Sterngard Friegen wrote:
Doesn't sound like it was a jury trial. The cRapsters were wrong again.
This "trial" and its "jury decision" is a core belief not only of many cRapsters but also of a larger movement, Sovereign Citizens and tax protesters.
An account of the proceedings from an unheated storage room of a general store in Credit River, Minnesota includes the Judgment and Decree, from which "Justice Mahoney is quoted more often than any Supreme Court justice ever was." Mahoney found for the defendant, the tax protester attorney Jerome Daly:
Quote:
The above entitled action came on before the Court and a Jury of 12 on December 7, 1968 at 10:00 am. Plaintiff appeared by its President Lawrence V. Morgan and was represented by its Counsel, R. Mellby. Defendant appeared on his own behalf {in a "Common Law action for the recovery of the possession of Lot 19 Fairview Beach, Scott County, Minn."}
A Jury of Talesmen were called, impaneled and sworn to try the issues in the Case. Lawrence V. Morgan was the only witness called for Plaintiff and Defendant testified as the only witness in his own behalf.
...
At 12:15 on December 7, 1968 the Jury returned a unanimous verdict for the Defendant.
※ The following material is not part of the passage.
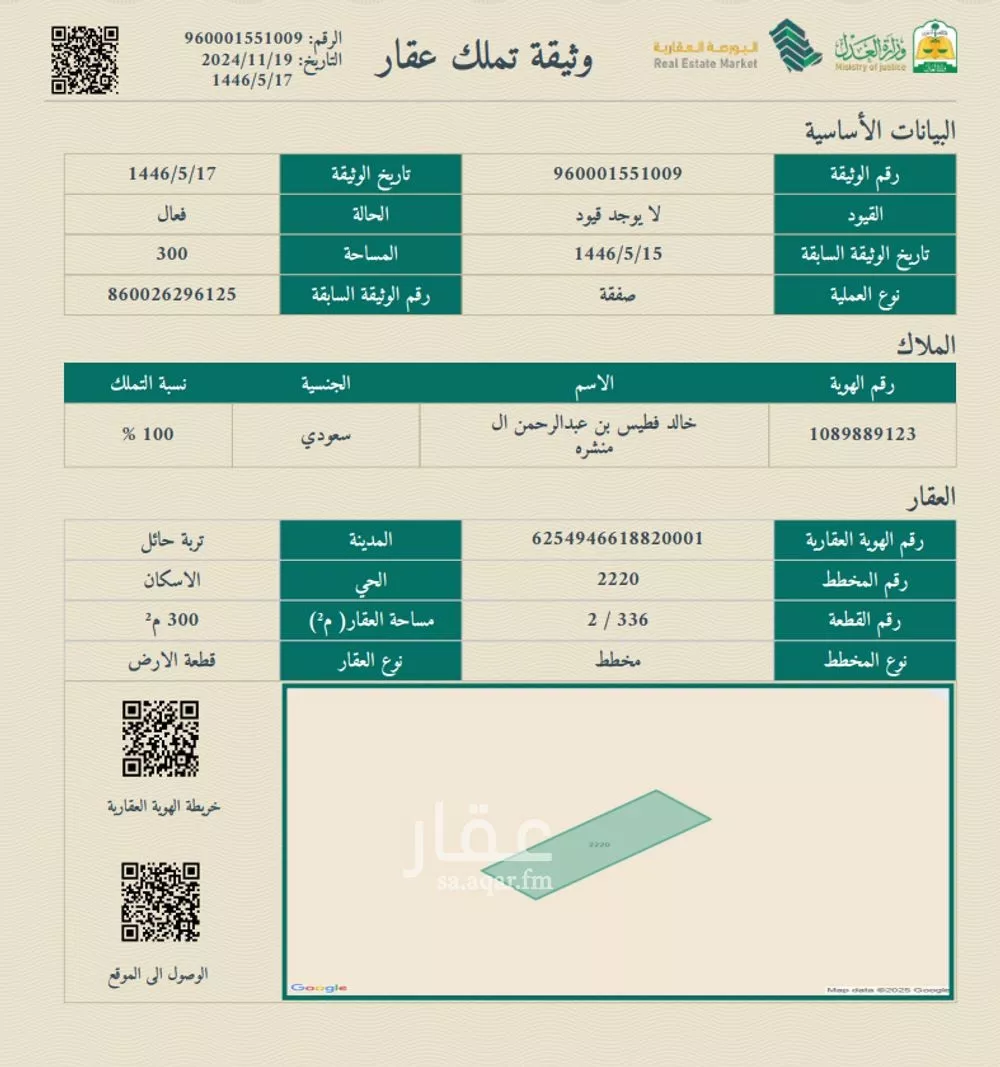 أرض للبيع في شارع زيد بن سهل الانصاري النجاري, حي صلاح الدين, مدينة تربة, منطقة حائل 1 صورة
Now therefore, by virtue of the authority vested in me pursuant to the Declaration of Independence, the Northwest Ordinance of 1787, the Constitution of United States and the Constitution and the laws of the State of Minnesota not inconsistent therewith ;
Besides returning possession of Lot 19 Fairview Beach to Jerome Daly, Mahoney also ruled:
Quote:
5.That any provision in the Minnesota Constitution and any Minnesota Statute binding the jurisdiction of this Court is repugnant to the Constitution of the United States and to the Bill of Rights of the Minnesota Constitution and is null and void and that this Court has jurisdiction to render complete Justice in this Cause.
Since Mahoney died six months later in a fishing boat accident ("was poisoned"), his decision "was never legally overturned, nor can it be."